Há momentos em que o espelho se transforma num abismo. A imagem refletida devolve não mais um rosto familiar, mas um outro, estrangeiro, que ainda assim nos habita. Nesse instante sutil e devastador, compreendemos que algo se deslocou de forma irreversível: não estamos mais onde antes estávamos — e, o mais inquietante, é que tampouco sabemos onde agora nos encontramos. A identidade, esse alicerce frágil que tentamos sustentar com narrativas biográficas, escolhas repetidas e papéis sociais, escorre por entre os dedos como um líquido denso, viscoso, difícil de nomear. Não é exatamente perda. É uma transição que não pediu licença, um intervalo entre versões de si, como se uma existência estivesse sendo desinstalada enquanto a outra, ainda em fase de download, não tivesse sido completamente baixada.
Nesse vácuo simbólico, em que já não somos quem éramos, mas ainda não somos quem seremos, instala-se o terror do não reconhecimento — uma vertigem ontológica. A psicanálise não hesita em reconhecer nesse fenômeno uma espécie de entre-lugar do sujeito: um momento de abertura radical ao real, onde o Eu, ao perder suas referências imaginárias, fica exposto ao desamparo estrutural de sua constituição. Freud já nos alertava sobre o caráter ficcional do Eu como sede da consciência; para ele, o sujeito é, em grande medida, inconsciente de si, e o que chamamos de identidade nada mais é do que um arranjo provisório entre as forças do desejo, da pulsão e da censura.

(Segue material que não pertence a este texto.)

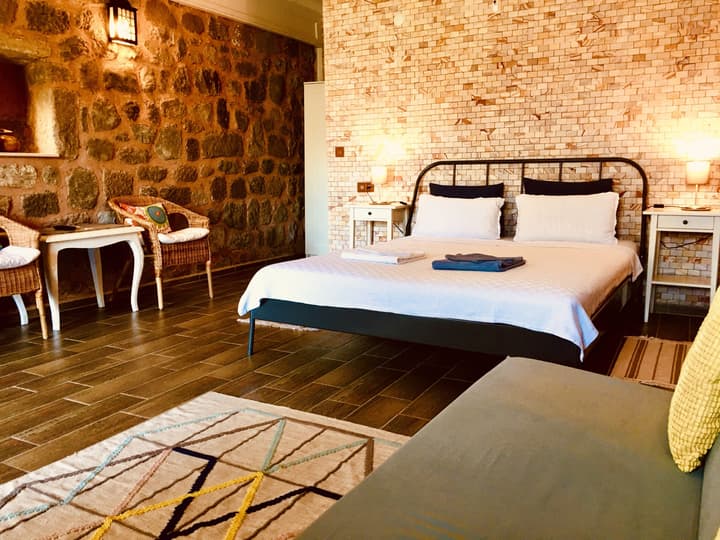 Attalos Suites Hotel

Lacan, por sua vez, amplia essa tensão ao lembrar que o sujeito é sempre um efeito da linguagem: um ser dividido entre o que diz e o que escapa ao dito, entre o nome que o convoca e o gozo que o escapa. Quando não nos reconhecemos mais, talvez seja porque deixamos de sustentar o personagem para o qual a linguagem social — o Outro — nos chamou. E isso pode ser tanto uma queda quanto uma chance de reelaboração. Um sujeito que não se reconhece é um sujeito às voltas com o desejo de não mais sustentar uma ficção esgotada.